**WORK ITEM**
Transcribe exactly the line in which "Sometimes I don't know why you stay with me." occurs, plus every line that comes after it up to the end of the entries.

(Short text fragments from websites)
*****

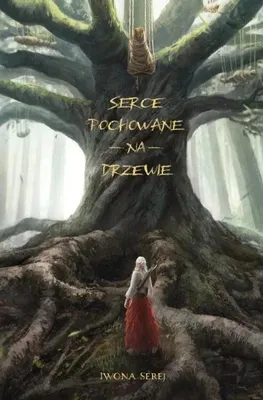 Image de Serce T.1 Serce pochowane na drzewie - Iwona Serej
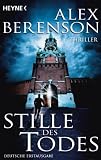 Stille des Todes: Thriller (German Edition)
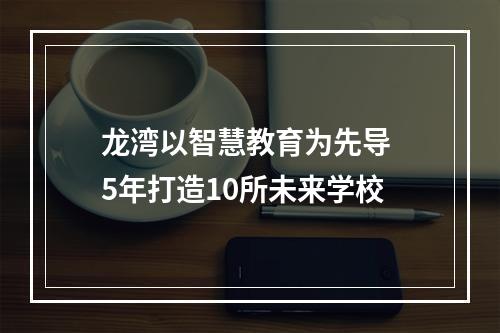 龙湾以智慧教育为先导 5年打造10所未来学校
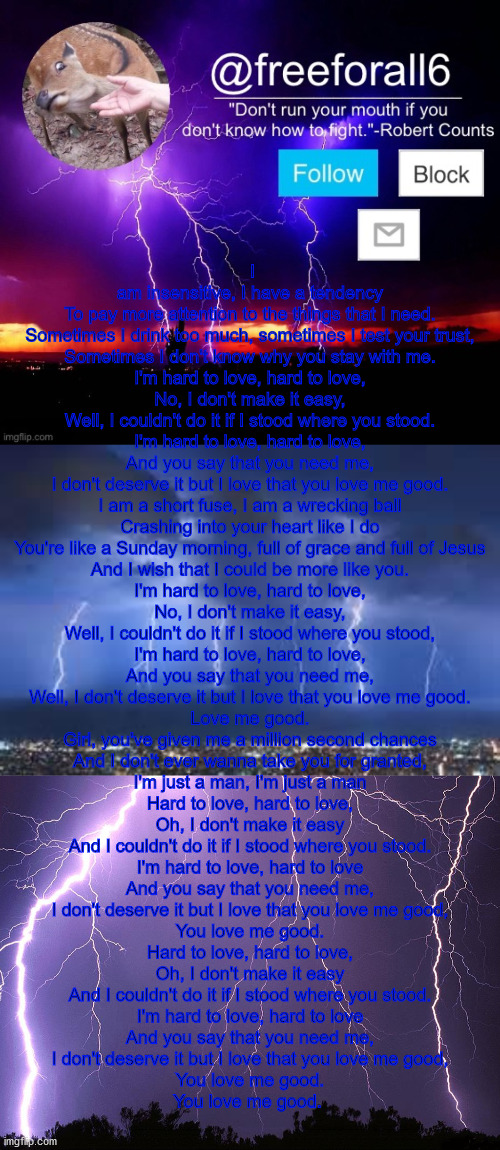 I am insensitive, I have a tendency
To pay more attention to the things that I need.
Sometimes I drink too much, sometimes I test your trust,
Sometimes I don't know why you stay with me.

I'm hard to love, hard to love,
No, I don't make it easy,
Well, I couldn't do it if I stood where you stood.
I'm hard to love, hard to love,
And you say that you need me,
I don't deserve it but I love that you love me good.

I am a short fuse, I am a wrecking ball
Crashing into your heart like I do
You're like a Sunday morning, full of grace and full of Jesus
And I wish that I could be more like you.

I'm hard to love, hard to love,
No, I don't make it easy,
Well, I couldn't do it if I stood where you stood,
I'm hard to love, hard to love,
And you say that you need me,
Well, I don't deserve it but I love that you love me good.
Love me good.

Girl, you've given me a million second chances
And I don't ever wanna take you for granted,
I'm just a man, I'm just a man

*****

**ANSWER SPACE**
Sometimes I don't know why you stay with me.

I'm hard to love, hard to love,
No, I don't make it easy,
Well, I couldn't do it if I stood where you stood.
I'm hard to love, hard to love,
And you say that you need me,
I don't deserve it but I love that you love me good.

I am a short fuse, I am a wrecking ball
Crashing into your heart like I do
You're like a Sunday morning, full of grace and full of Jesus
And I wish that I could be more like you.

I'm hard to love, hard to love,
No, I don't make it easy,
Well, I couldn't do it if I stood where you stood,
I'm hard to love, hard to love,
And you say that you need me,
Well, I don't deserve it but I love that you love me good.
Love me good.

Girl, you've given me a million second chances
And I don't ever wanna take you for granted,
I'm just a man, I'm just a man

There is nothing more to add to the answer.